One mole of an ideal gas expands adiabatically at constant pressure such that its temperature $T \propto \frac{1}{\sqrt{V}}$. The value of $\gamma$ for the gas is $\left( \gamma = \frac{C_p}{C_v}, V = \text{Volume of the gas} \right)$

• A. 1.8
• B. 1.5
• C. 1.3
• D. 1.4

Hint:

Whenever a process relation is given in the form $T V^x = \text{constant}$, simply set $x = \gamma - 1$ to find gamma directly! Here, $x = 0.5$, so $\gamma = 0.5 + 1 = 1.5$. A clean and simple shortcut!

Answer 1

The Correct Option is B

Step 1: Recall the adiabatic relation.
For an adiabatic change, $TV^{\gamma-1}$ stays constant.

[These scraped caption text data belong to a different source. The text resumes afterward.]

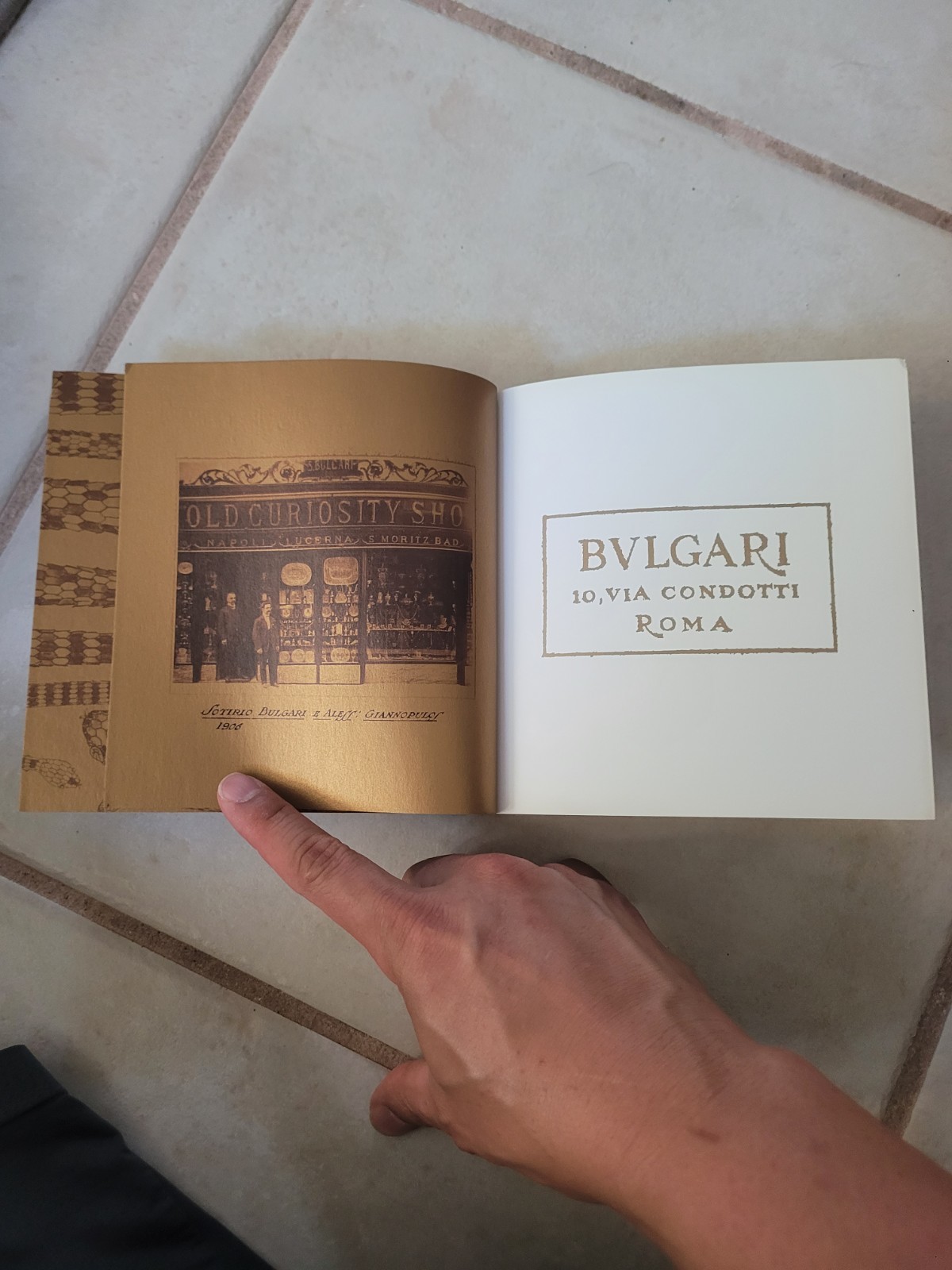 BVLGARI ROMA Hard Cover Color LOOK Book Italy Celebrities Models Jewelry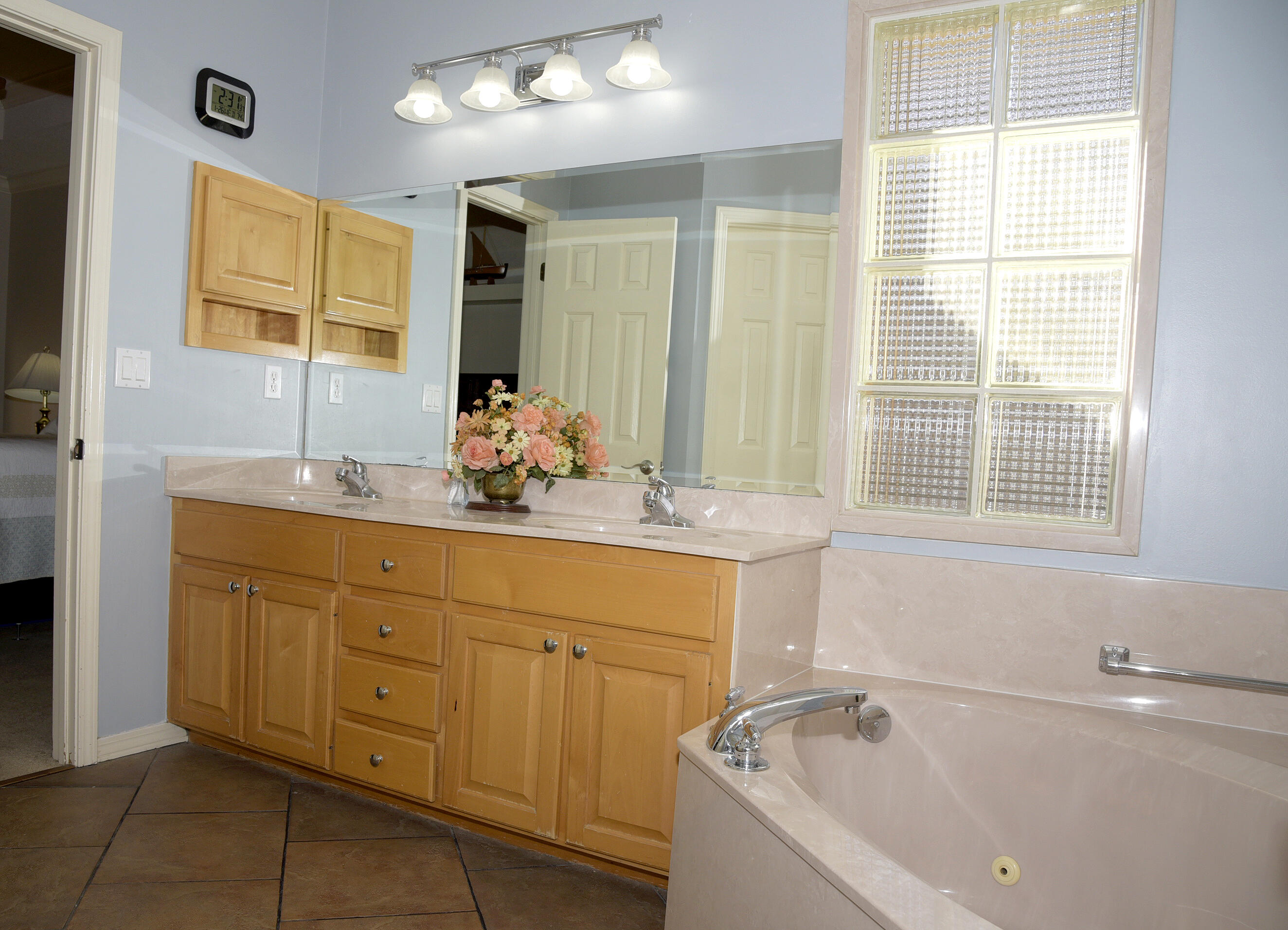 DANA POINTE - Residential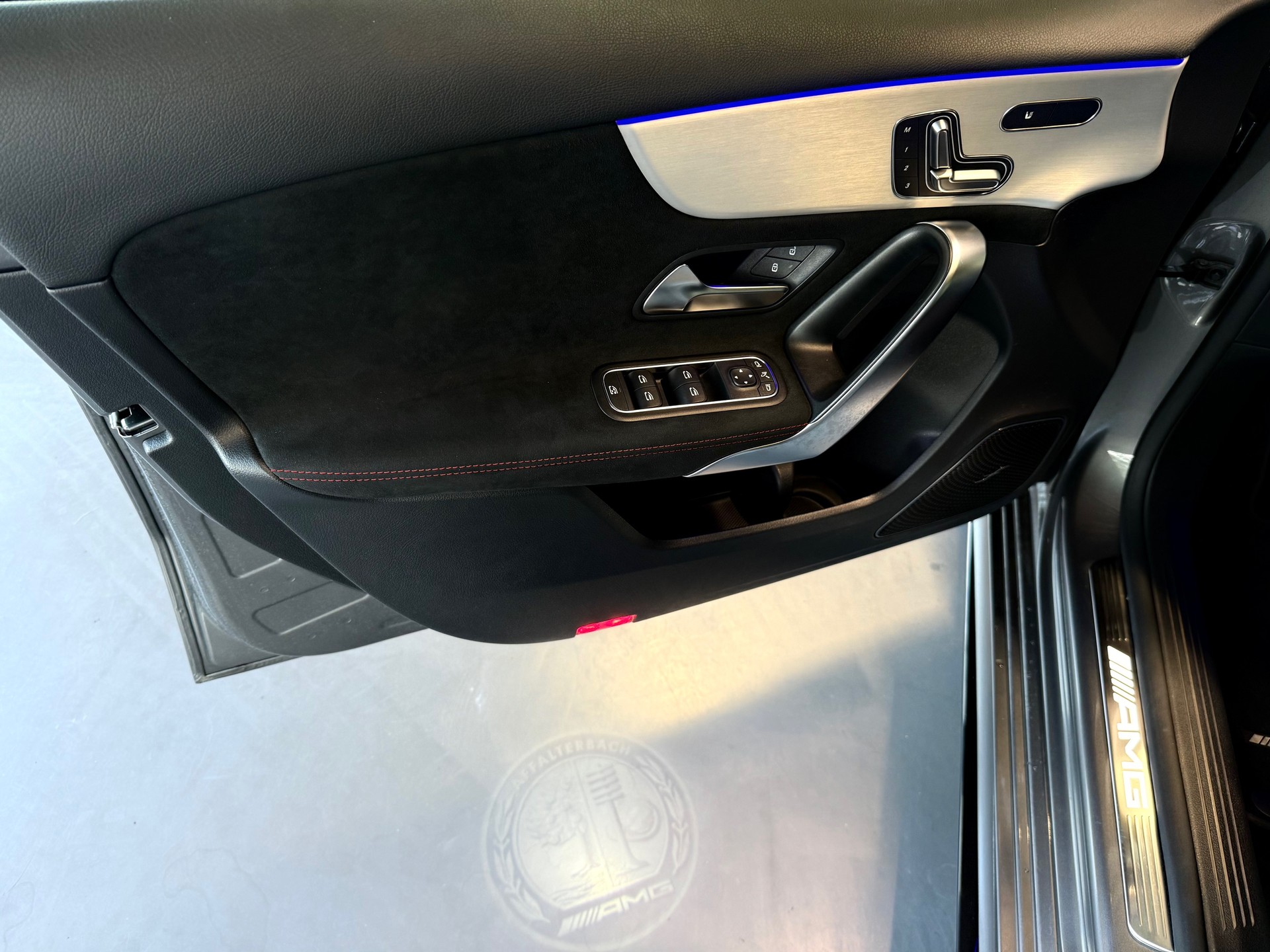MERCEDES-BENZ A AMG 45 S 4Matic+ 8G-DCT-image-9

Step 2: Rewrite the given rule.
We are told $T\propto\frac{1}{\sqrt V}$, that is $T\propto V^{-1/2}$. Multiplying, $TV^{1/2}$ is constant.

Step 3: Match the powers of $V$.
Compare $TV^{\gamma-1}=$ const with $TV^{1/2}=$ const. So $\gamma-1=\frac{1}{2}$.

Step 4: Solve.
$\gamma=\frac{3}{2}=1.5$. \[ \boxed{1.5} \]